Die Eindeutigkeit ist klar.

 Die Notation „μ = ⋃α < ω1 μα“ ist eine hinsichtlich des mengentheoretischen Funktionsbegriffs korrekte und bequeme Schreibweise. Äquivalent ist: Wir setzen μ(A) = μα(A) für alle α < ω1 und A  ∈  𝒜α.

 Aus Sicht des klassischen Beweises konstruieren wir also entlang der Ring-Hierarchie von 𝒜 ein Maß und zeigen dabei, dass das konstruierte Maß auf allen Stufen mit dem üblichen, durch die rechte Seite von (Ap) gegebenen, äußeren Maß von μ0 übereinstimmt. (Ap) wird für den Limesschritt gebraucht, die Vereinigung einer ⊆-aufsteigenden Kette von Maßen ist ein Inhalt, im allgemeinen aber kein Maß. Wir zeigen aber, dass die Vereinigungen solcher Ketten entlang der Ring-Hierarchie durch das Maß auf 𝒜σ „kontrolliert“ werden, und dies genügt, um im Limesschritt ein Maß zu erhalten.
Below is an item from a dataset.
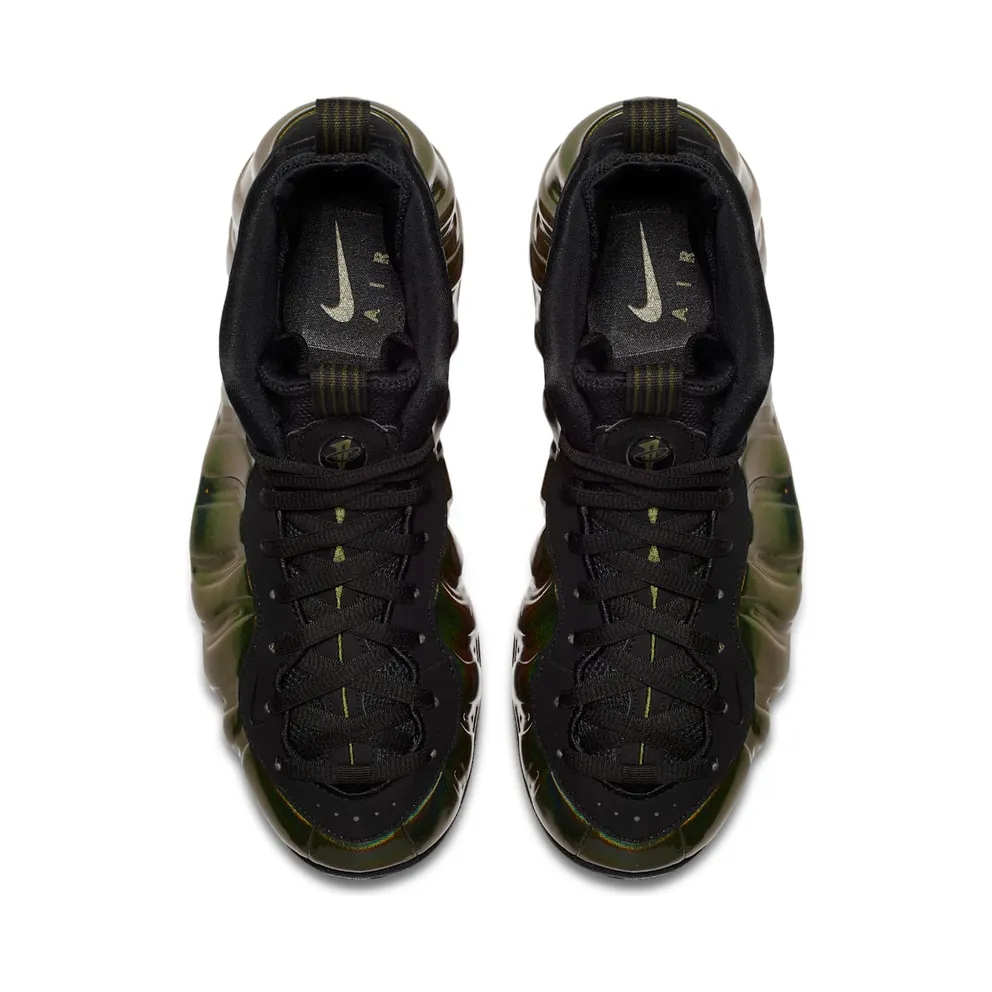 Nike Air Foamposite One Legion Green Legion Green/Black-Black (314996-301)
 Für obigen Beweis muss ein äußeres oder inneres Maß auf der vollen Potenzmenge des Raumes X nicht eingeführt werden. An keiner Stelle wird eine Menge benutzt, die nicht zur erzeugten σ-Algebra von 𝒜 gehört. Die ad hoc Definition der Carathéodory-Bedingung (des „messbaren Zerlegers“) und die zugehörigen Tricks entfallen. Allerdings brauchen wir die Ordinalzahlen zumindest bis ω1 als Hilfsmittel. Alleine schon eine rekursive Erzeugung von σ-Algebren scheint diesen Mehraufwand zu rechtfertigen, da erst sie vor Augen führt, welche Mengen die von 𝒜 erzeugte σ-Algebra enthält; das Prädikat „erzeugen“ oder „generieren“ wird der rekursiven Konstruktion sehr viel besser gerecht als der Schnittdefinition.
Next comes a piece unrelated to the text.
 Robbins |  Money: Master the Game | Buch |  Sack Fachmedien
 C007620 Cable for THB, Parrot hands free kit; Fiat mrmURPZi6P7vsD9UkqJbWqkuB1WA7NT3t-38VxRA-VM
 Der Autor darf hinzufügen, dass wir hier zwei Zugänge und Beweise vergleichen, aber nicht gegeneinander ausspielen wollen. Aus mengentheoretischer Sicht ist zum Beispiel eine auf der vollen Potenzmenge definierte Funktion wie das äußere Maß ein für sich interessantes und natürliches Objekt. Und der Schnittdefinition wird man zugute halten, dass sie in unkomplizierter Weise ein „Universum“ zur Verfügung stellt, von dem sichergestellt ist, dass es genügend viele Mengen enthält, um die gewünschten Operationen darin ausführen zu können.

 Aus der endlichen Version lässt sich der Existenz- und Eindeutigkeitssatz für σ-finite Maße auf Algebren durch die übliche Stückelung gewinnen. Alternativ kann man auch von vornherein unendliche Werte zulassen und den Fortsetzungssatz von Hausdorff entsprechend verallgemeinern. Im nicht σ-finiten Fall geht dann die Eindeutigkeit beim Übergang von (α)σ nach α + 1 verloren. Insgesamt erhält man den vollen Fortsetzungssatz von Carathéodory und eine größtmögliche Fortsetzung des gegebenen Maßes. Details hierzu findet der Leser in [ Deiser 2007b ].

 Wichtiger ist aber folgendes: Obiges Vorgehen legt nahe, die entwickelte Inhaltstheorie auf Verbänden zu einer Maßtheorie auf Verbänden auszudehnen. Dabei spielen Regularitätsbedingungen wie (+) eine wichtige Rolle. Der große Vorteil dieses Ansatzes ist, dass die Rekursion dann allgemeiner mit einem Verband starten kann und nicht nur mit einem Ring oder einer Algebra. Dadurch erhält man die wichtigen topologischen und abstrakten Regularitätssätze, die in der Maßtheorie üblicherweise erst spät entwickelt werden, geschenkt. Insgesamt hinterlassen sowohl die Regularitätstheorie als auch der rekursive Ansatz den Eindruck, dass Verbände anstelle der üblichen Ringe bzw. der damit eng verwandten Semiringe die angemessene Primstruktur der Maßtheorie sind. Damit knüpfen wir wieder bei Hausdorff an, bei dem ein derartiger Weg vorgezeichnet schien.

 Verbände sind in der Maßtheorie in jüngerer Zeit vor allen von H. König propagiert worden (vgl. z. B. [ König 1997 ]). König arbeitet mit Verallgemeinerungen der inneren und äußeren Maßes, um optimale topologische und abstrakte Regularitätsergebnisse zu erzielen. Der hier vorgeschlagene Ansatz liefert mit rekursiven Methoden dieselben − beweisbar optimalen − Ergebnisse im Hinblick auf innere und äußere Approximationen. Wir verweisen den Fachmann der Maßtheorie hier noch einmal auf die ausführliche Darstellung [ Deiser 2007b ].